Atteggiandosi come parametro liquitativo, la compensatio lucri cum damno pone delicate questioni in ordine al rapporto tra risarcimento del danno aquiliano ed indennizzo nonché interrogativi aventi ad oggetto l’eventuale cumulatività dei due meccanismi riparatori. Più precisamente, ci si chiede se il responsabile ex art. 2043 sia tenuto a risarcire il danneggiato qualora questi abbia già ottenuto una riparazione indennizzaria o viceversa e se possano costituire fonti di danno non solo i fatti illeciti ma altresì la legge o i contratti.
E’ invero che sulla questione la giurisprudenza non ha sempre mostrato un orientamento unanime. Sul punto si registrano diversificate teorie.
La prima delle tesi esclude che, nel nostro ordinamento ,possa consacrarsi un meccanismo di compensatio lucri cum damno. Soluzione questa, che trova manforte dall’assenza di una disciplina ad hoc che, qualora fosse avallata, condurrebbe ad una realtà iniqua tale da sollevare l’autore del danno dalle conseguenze del suo operato.
La seconda tesi, pur non atteggiando la compensatio lucri cum damno a regola generale, non ne nega l’applicazione caso per caso. Più precisamente, si ritiene che non possa escludersi tout a court, che concause preesistenti o sopravvenute al fatto illecito consentano alla vittima di ottenere un vantaggio.
L’ultima delle svariate tesi, invece, riduce la compensatio lucri cum danno a strumento di garanzia di principi valevoli in materia di responsabilità civile. Specificamente, la fattispecie de qua avrebbe applicazione nella solo circostanza in cui il danno sia «diretta ed immediata» conseguenza del fatto illecito. Chi aderisce a siffatto orientamento, ritiene che l’istituto de quo costituisca implicito presupposto dall’art. 1223 c.c., nella parte in cui dispone che «Il risarcimento del danno per l’inadempimento o per il ritardo deve comprendere così la perdita subita dal creditore come il mancato guadagno in quanto ne siano conseguenza immediata e diretta».
Soluzione questa che trova la sua consacrazione nell’ordinanza 22 giugno 2017, n. 15543.
Conformemente al principio cardine in materia di risarcibilità civile secondo cui il risarcimento deve assurgere la sua funziona ripristinatoria e non costituire fonte di ricchezza per il danneggiato, per gli ermellini «lucro» e «danno» non vanno concepiti come un credito ed un debito. Ciò che se ne ricava è l’esclusione di una cumulatività tra risarcimento ed indennizzo.

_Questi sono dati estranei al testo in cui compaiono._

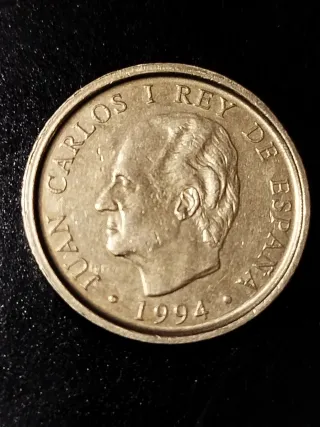 Moneda 100 Pesetas, Museo del Prado, año 1994.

Per i giudici della Suprema Corte, alla vittima di un fatto illecito spetta il risarcimento del danno esistente nel suo patrimonio al momento della liquidazione, trovando, pertanto, applicazione, il principio della c.d. regolarità causale, in base al quale nell’accertamento del danno occorre tener conto dei vantaggi che, prima di detta stima, siano pervenuti o perverranno alla vittima. Conditio sine qua non di siffatta affermazione è la considerazione del vantaggio come diretta conseguenza della fattispecie danno. Trova, peraltro, applicazione, la medesima regola di causalità utilizzata per considerare il danno conseguenza dell’illecito.
Alla luce di quanto esposto, se ne ricava che nella quantificazione del danno non possa procedersi a differenti operazioni ermeneutiche, essendo necessario, al contrario, condurre un’attività unitaria di liquidazione consistente, tra l’altro, nel sottrarre dal patrimonio della vittima ante sinistro il patrimonio della vittima residuato al sinistro. In questo modo, la misura del risarcimento non potrà superare mai l’entità dell’interesse leso.
Il risultato che si ottiene è quello di consacrare la compensatio lucri cum damno come valido parametro per un’equa riparazione.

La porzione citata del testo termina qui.